Le pacte européen sur l’asile et la migration fait relativement peu parler de lui dans les médias et pourtant, il devrait compter pour l’avenir des Européens. Il vient d’être approuvé par le Parlement européen le 10 avril dernier. Auparavant, il avait été adopté par le Conseil des ministres européens le 20 décembre 2023. Constitué de neuf règlements européens et d’une directive, ce pacte, en négociation depuis des années, est censé apporter une réponse à la crise migratoire de 2015-2016 qui se prolonge. Il doit entrer en vigueur à partir de 2026.
Au bref, quel est son contenu? Il prévoit un filtrage des migrants irréguliers (300 000 en 2023 selon Frontex) sur tous les points de leur entrée dans l’Union européenne (grands aéroports, frontières terrestres orientales, rives de la Méditerranée…). Des centres d’accueil fermés seraient installés à proximité des points d’entrée. Les migrants présentant une demande d’asile pour être autorisés à entrer en Europe feraient l’objet d’un tri. Ceux dont la demande d’asile a peu de chance d’être acceptée (taux d’acceptation du statut de réfugié concernant les nationaux de leur pays d’origine de moins de 20% dans l’UE) feraient l’objet d’un examen accéléré sur place de leur demande d’asile dans les 12 jours. En cas de rejet de leur demande, ils seraient renvoyés dans leur pays dans un délai de 12 jours. Cette règle ne serait pas applicables aux mineurs non accompagnés, autorisés à entrer dans l’Union européenne. Les autres demandeurs d’asile (plus de 20% de taux d’acceptation par pays d’origine), seraient autorisés à entrer dans l’Union européenne. Leur demande d’asile serait examinée dans le pays par lequel ils sont arrivés – principe maintenu du règlement Dublin III. Mais 30 000 d’entre eux feraient l’objet d’un transfert dans d’autres pays de l’Union pour l’examen de leur demande, selon une clé de partage liée à la population totale. Les pays refusant de les prendre en charge – conformément à la règle du pacte- seraient sanctionnés d’une amende de 20 000 € par demandeur d’asile. En période de crise ou d’afflux massif, les règles changent. Le taux de 20% d’acceptation pour mettre en oeuvre la procédure accélérée peut être remonté à 50%. Le nombre de demandeurs d’asile répartis dans toute l’Europe peut excéder les 30 000. etc.

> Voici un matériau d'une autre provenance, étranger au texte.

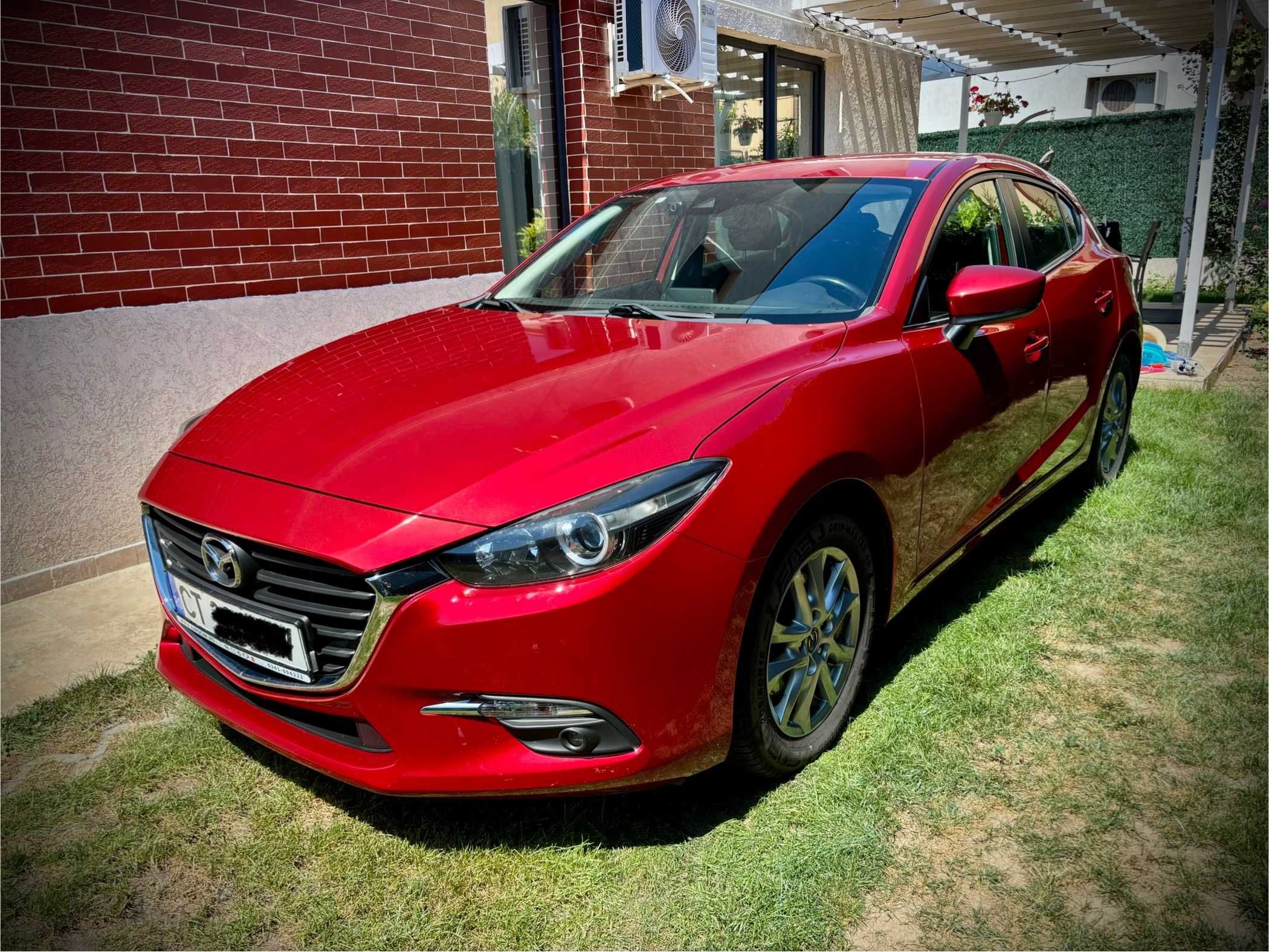 MAZDA 3 Hatchback, Noiembrie 2017, SKYACTIVE 2.0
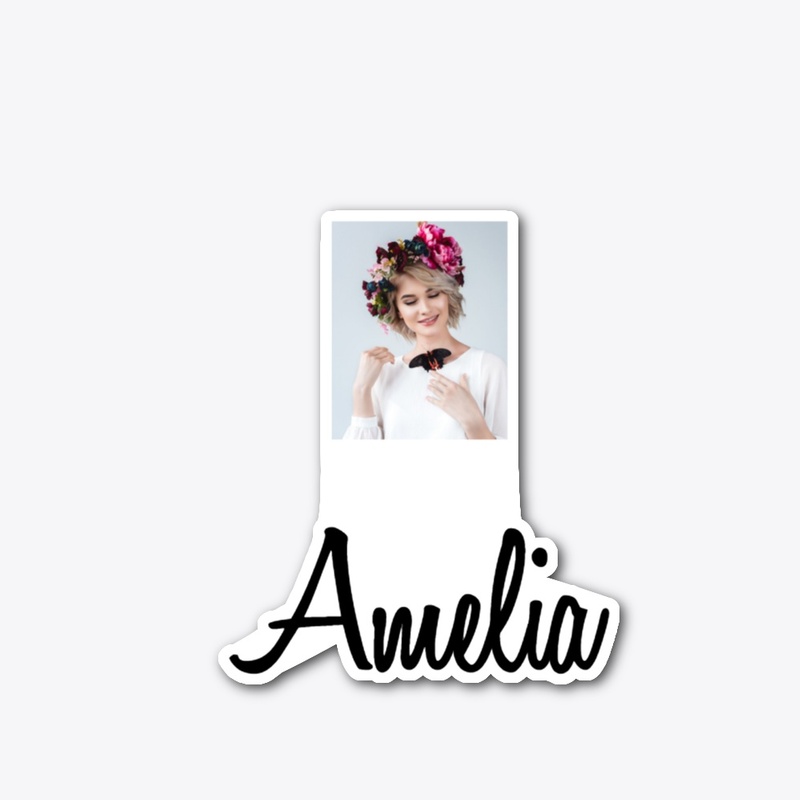 its for you Amelia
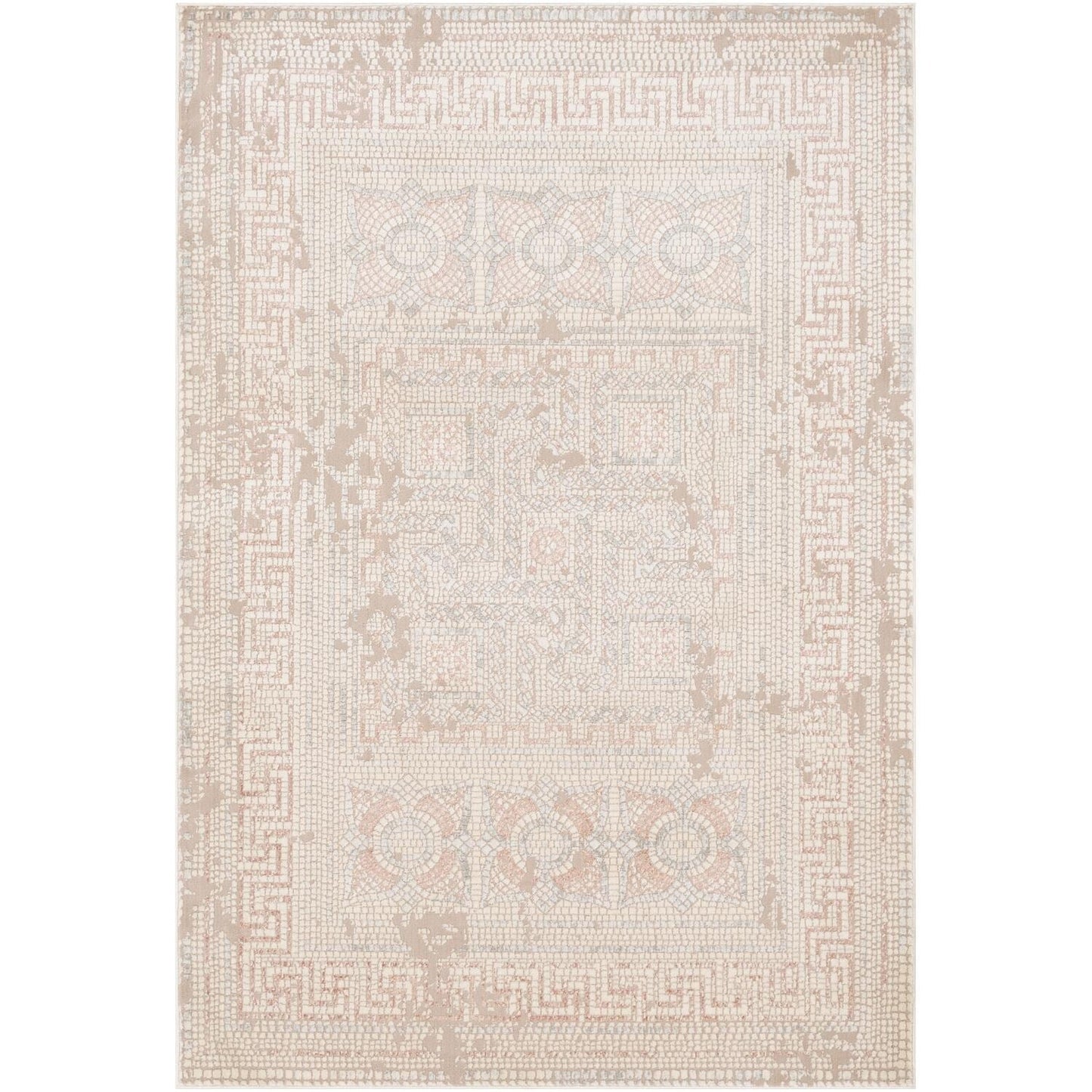 Tapis oriental éclectique Livabliss Venezia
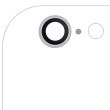 Rückkamera-Linse für iPhone 6/ 6S (Silber) (10er Pack)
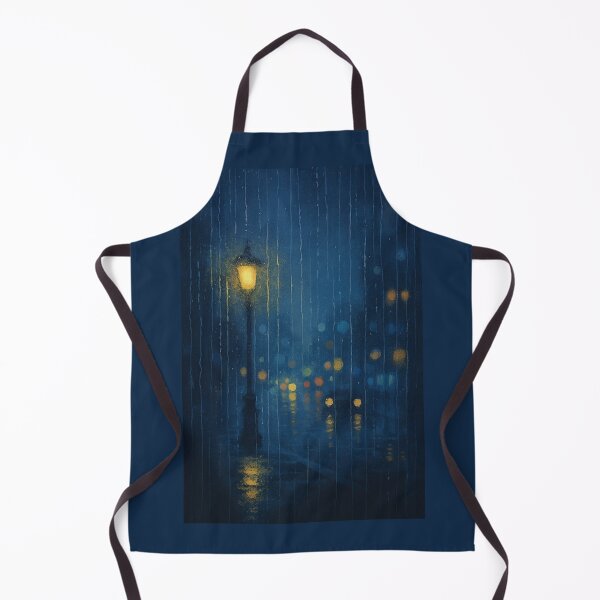 Item preview, Sueños de ciudad lluviosa: Escenas urbanas atmosféricas de lluvia designed and sold by holaitssher.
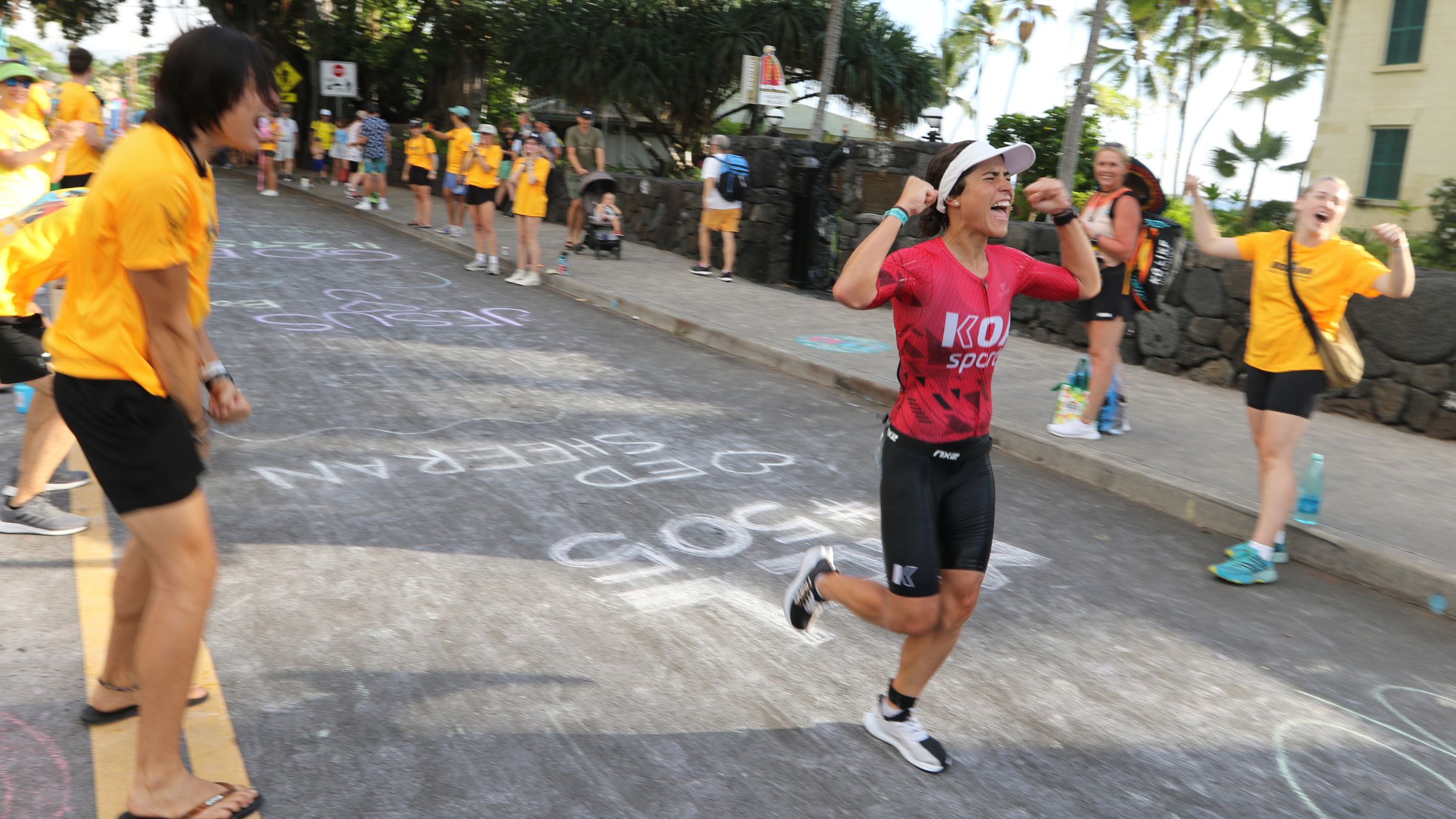 How to make racing feel easier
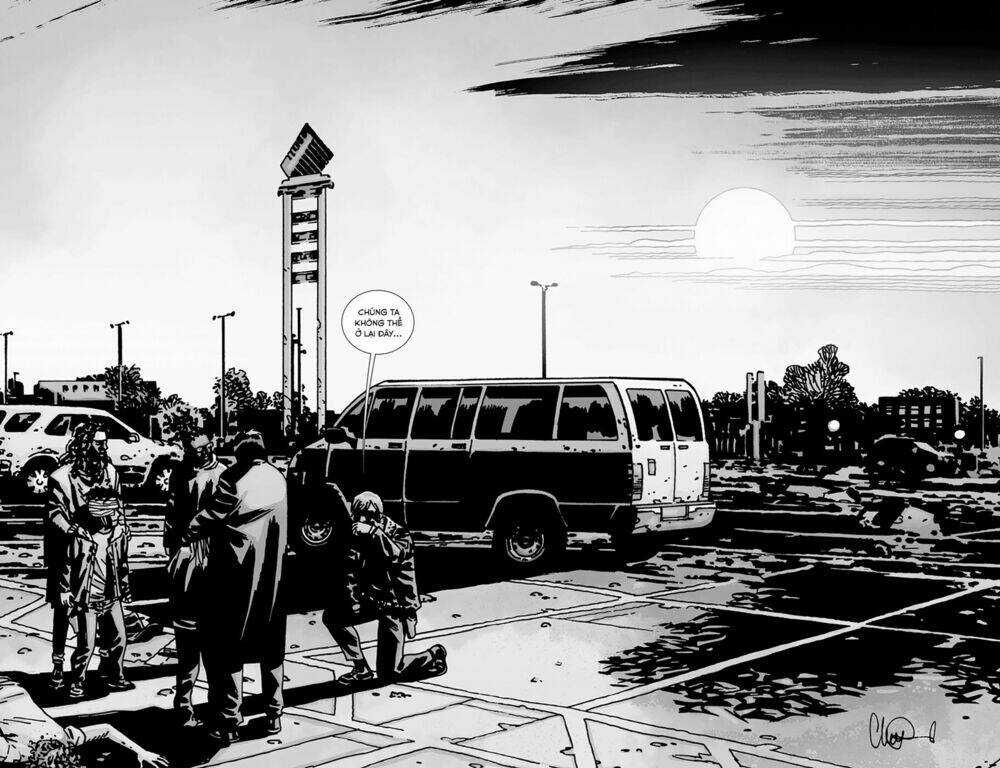The Walking Dead: Chapter 101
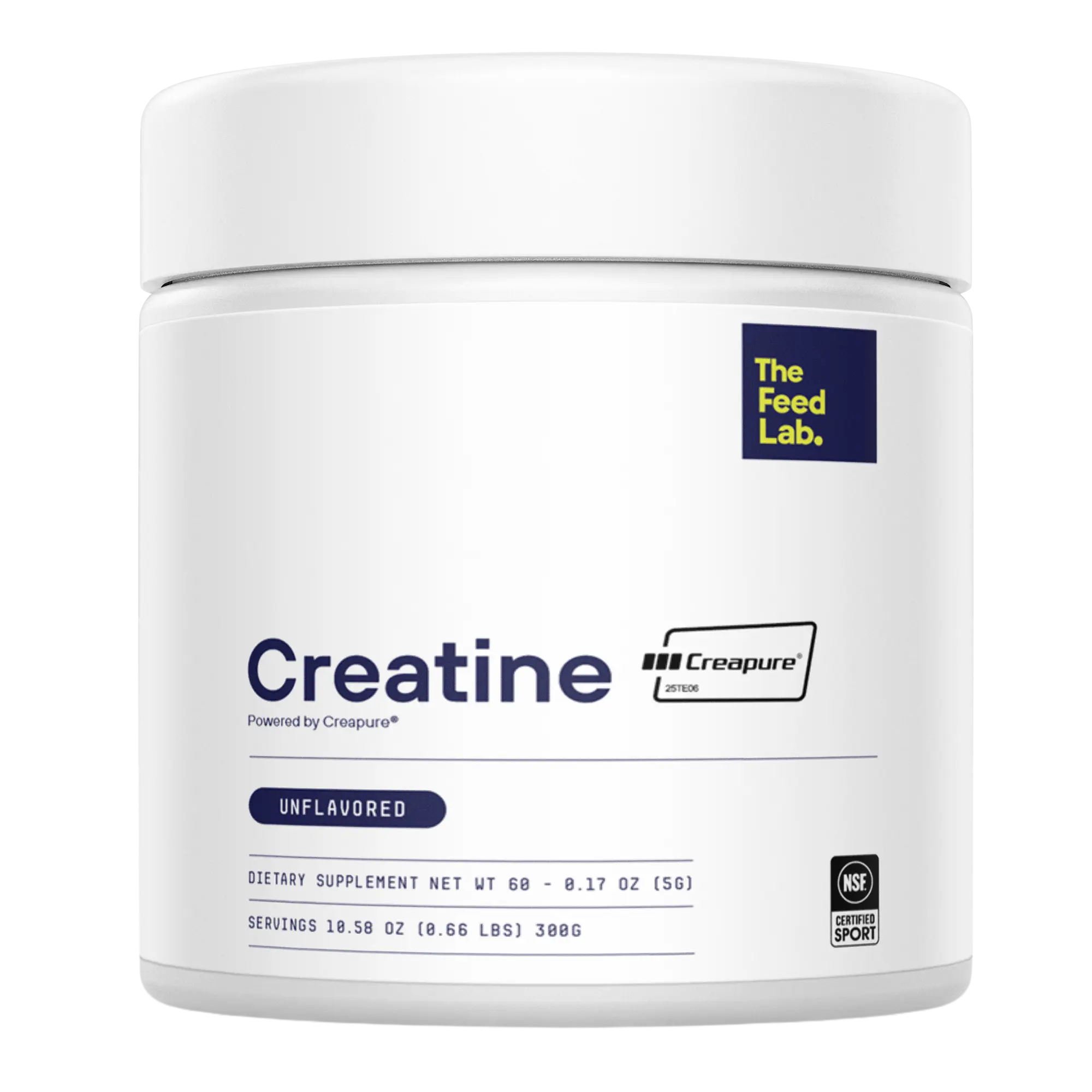 The Feed Lab Creatine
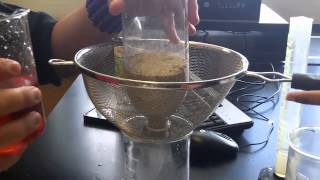 Porosity and Permeability Lab [upl. by Enavi]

Mon avis? une impressionnante construction bureaucratique, une sorte de Gosplan fondé non sur des produits industriels et agricoles mais sur des êtres humains qui n’a aucune chance de jamais fonctionner. Tout repose sur la possibilité de renvoyer massivement dans leur pays des demandeurs d’asile déboutés dans un bref délai. Absurde: quand ils ont détruits leurs documents d’identité et refusent de décliner leur identité, voire s’opposent physiquement à leur retour, on n’a jamais su les rapatrier, sauf exceptionnellement selon des procédures d’identification lourdes et aléatoires. L’enfermement dans des centres sur toute la zone frontalière et l’organisation pratique du tri soulève de gigantesques difficultés pratiques face à des centaines de milliers d’arrivés. Et puis la répartition impérative: c’est toujours le même raisonnement, on traite les gens comme des marchandises inertes sans tenir compte du fait que ce sont des personnes qui finiront toujours par ce rendre où elles le désirent malgré toutes les escortes et les surveillances policières. Cette logique de la contrainte physique a toujours lamentablement échoué comme le savent tous ceux qui ont travaillé sur le sujet (Convention puis règlements Dublin I, II et III…). La seule issue possible et raisonnable à la crise migratoire est un traitement des demandes en amont, dans les pays d’origine ou de transit, et une répression sans faille des filières esclavagistes qui organisent les transferts par la Méditerranée, accompagnés d’un effort massif européen d’aide au développement. Mais il est tellement plus difficile de choisir et de décider, d’agir dans le concret, que de construire des usines à gaz à force de règlements et de directives!